Japan has summoned a China envoy to protest an unusually long visit by Chinese government ships near disputed waters in the East China Sea.
Tokyo's foreign ministry says the four ships entered the Japan-controlled territory on Wednesday. It says they had still not left 24 hours later.
Japanese Chief Cabinet Secretary Yoshihide Suga says acting ambassador Han Zhiqiang has been summoned to "sharply protest" the move.
"This intrusion into Japanese territorial waters is the longest since the Japanese government nationalized the Senkaku islands last September and is completely unacceptable," he said.
The decades-old dispute flared up late last year, after Tokyo purchased some of the contested islands from their private Japanese landowner.
Since then, Beijing has sent regular air and sea patrols near the islands, in what some say is an attempt to challenge Japan's control of the energy-rich, strategic area.
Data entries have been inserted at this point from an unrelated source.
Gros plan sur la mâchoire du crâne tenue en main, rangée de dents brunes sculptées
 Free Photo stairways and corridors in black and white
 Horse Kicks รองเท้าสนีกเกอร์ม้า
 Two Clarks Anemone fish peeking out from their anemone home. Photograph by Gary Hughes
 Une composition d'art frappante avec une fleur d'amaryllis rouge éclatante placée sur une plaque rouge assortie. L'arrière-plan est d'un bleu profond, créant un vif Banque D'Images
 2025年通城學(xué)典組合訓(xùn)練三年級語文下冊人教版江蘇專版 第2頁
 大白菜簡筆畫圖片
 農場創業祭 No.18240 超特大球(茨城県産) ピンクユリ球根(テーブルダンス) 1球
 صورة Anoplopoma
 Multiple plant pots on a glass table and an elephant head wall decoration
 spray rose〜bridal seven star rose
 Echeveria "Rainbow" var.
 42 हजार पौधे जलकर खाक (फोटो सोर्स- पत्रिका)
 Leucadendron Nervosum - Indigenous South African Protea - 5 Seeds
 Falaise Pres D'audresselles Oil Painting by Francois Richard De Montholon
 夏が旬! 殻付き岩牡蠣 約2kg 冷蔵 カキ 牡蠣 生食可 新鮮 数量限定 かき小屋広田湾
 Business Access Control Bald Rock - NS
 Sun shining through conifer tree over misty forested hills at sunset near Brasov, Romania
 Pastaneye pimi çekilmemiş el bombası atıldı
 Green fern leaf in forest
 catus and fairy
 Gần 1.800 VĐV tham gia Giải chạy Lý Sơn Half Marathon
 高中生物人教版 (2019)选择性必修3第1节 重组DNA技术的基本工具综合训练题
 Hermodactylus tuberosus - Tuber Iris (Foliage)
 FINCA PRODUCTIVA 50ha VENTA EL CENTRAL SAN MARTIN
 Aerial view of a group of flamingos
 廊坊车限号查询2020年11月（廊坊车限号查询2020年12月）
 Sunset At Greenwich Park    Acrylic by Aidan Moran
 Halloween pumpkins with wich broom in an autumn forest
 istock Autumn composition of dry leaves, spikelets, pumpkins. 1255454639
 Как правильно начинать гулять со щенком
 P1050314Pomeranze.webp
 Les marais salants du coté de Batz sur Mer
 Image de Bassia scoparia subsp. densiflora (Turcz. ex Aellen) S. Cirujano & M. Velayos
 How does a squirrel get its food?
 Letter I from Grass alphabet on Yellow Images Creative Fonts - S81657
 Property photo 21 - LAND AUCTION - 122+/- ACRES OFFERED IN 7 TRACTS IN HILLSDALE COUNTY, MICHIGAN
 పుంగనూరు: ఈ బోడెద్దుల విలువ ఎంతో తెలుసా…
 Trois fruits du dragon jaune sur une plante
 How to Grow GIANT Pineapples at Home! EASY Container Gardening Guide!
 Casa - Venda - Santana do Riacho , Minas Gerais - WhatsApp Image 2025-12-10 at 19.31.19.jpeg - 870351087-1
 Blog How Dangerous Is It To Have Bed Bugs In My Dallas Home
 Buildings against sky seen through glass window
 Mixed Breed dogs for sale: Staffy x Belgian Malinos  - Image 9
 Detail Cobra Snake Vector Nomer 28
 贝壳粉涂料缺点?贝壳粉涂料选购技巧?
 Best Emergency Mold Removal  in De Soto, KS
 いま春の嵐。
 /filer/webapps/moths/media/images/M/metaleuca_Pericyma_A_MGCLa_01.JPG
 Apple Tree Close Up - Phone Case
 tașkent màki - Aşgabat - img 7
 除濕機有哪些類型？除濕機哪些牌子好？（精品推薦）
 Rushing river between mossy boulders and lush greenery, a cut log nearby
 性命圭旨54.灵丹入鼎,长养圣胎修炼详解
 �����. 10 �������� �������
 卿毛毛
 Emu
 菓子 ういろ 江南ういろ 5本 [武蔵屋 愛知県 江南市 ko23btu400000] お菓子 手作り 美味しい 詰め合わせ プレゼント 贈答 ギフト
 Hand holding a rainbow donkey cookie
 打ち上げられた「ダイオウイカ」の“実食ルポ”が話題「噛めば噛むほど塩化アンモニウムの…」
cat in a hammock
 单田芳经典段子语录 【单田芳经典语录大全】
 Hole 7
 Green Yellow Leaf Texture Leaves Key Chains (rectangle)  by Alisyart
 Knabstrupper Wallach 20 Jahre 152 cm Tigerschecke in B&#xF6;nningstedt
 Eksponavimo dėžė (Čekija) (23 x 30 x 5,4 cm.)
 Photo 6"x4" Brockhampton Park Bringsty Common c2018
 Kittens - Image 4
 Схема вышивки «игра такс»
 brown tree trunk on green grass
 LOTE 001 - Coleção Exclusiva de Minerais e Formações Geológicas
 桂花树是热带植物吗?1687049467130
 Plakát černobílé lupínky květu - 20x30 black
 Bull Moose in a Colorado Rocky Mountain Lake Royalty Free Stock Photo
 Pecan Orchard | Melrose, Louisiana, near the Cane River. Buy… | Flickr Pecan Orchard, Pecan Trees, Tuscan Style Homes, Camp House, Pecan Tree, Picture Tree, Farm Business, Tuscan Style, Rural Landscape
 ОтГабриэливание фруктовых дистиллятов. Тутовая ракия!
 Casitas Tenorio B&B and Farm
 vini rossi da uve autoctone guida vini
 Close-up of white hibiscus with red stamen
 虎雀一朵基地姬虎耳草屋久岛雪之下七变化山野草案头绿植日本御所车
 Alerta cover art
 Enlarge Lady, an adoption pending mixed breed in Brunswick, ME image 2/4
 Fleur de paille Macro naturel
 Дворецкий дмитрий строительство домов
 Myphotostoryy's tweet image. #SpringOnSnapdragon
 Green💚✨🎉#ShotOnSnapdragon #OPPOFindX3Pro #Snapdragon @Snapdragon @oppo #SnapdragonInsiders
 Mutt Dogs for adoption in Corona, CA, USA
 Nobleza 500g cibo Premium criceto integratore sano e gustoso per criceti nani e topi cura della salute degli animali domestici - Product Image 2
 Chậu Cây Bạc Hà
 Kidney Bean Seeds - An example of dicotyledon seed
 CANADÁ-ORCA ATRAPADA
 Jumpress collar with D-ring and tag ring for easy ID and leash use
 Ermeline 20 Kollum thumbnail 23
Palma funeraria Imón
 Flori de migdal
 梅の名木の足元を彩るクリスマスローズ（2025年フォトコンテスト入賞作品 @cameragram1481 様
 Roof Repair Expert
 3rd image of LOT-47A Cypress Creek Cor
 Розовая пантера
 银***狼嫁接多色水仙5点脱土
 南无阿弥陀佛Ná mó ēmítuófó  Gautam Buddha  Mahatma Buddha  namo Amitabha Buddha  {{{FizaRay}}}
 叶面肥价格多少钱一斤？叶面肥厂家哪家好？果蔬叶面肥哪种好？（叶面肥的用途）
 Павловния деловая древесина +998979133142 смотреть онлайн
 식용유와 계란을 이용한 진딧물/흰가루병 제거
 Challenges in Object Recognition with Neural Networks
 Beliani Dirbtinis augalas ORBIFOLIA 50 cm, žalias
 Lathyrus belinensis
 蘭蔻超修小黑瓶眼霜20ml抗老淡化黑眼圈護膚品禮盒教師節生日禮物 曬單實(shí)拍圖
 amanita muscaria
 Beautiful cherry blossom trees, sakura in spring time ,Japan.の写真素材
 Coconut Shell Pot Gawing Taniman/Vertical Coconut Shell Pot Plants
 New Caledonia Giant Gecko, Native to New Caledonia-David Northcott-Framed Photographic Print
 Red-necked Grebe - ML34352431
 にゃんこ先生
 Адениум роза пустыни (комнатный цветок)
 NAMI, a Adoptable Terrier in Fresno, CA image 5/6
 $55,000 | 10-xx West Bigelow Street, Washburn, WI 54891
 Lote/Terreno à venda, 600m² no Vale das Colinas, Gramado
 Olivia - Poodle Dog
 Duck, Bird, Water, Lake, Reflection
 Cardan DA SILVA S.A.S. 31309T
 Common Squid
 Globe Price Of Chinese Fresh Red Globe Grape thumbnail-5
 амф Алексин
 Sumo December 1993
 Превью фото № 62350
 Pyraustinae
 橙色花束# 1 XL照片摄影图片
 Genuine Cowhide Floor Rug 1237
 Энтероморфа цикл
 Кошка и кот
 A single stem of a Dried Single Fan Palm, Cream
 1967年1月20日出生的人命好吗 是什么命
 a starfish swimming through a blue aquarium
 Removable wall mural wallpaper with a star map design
This has led to fears of an unintended military clash and has raised tensions considerably between the populations of the two countries.
There is new evidence that deteriorating relations could further impact the significant trade between the world's second and third largest economies.
A study conducted by the official China Daily newspaper found a growing number of people in both countries are pessimistic about economic relations.
The study found over 40 percent of Japanese believe bilateral ties will experience a downturn both politically and economically. It said the poll in China revealed similar figures.
Overall, nine out of 10 respondents in both countries said they dislike the other nation. That is the worst level in almost nine years since the poll was first conducted.
The official Xinhua news agency said the biggest reason for the negative attitude is the dispute over the Diaoyu islands, which are known as Senkaku in Japan.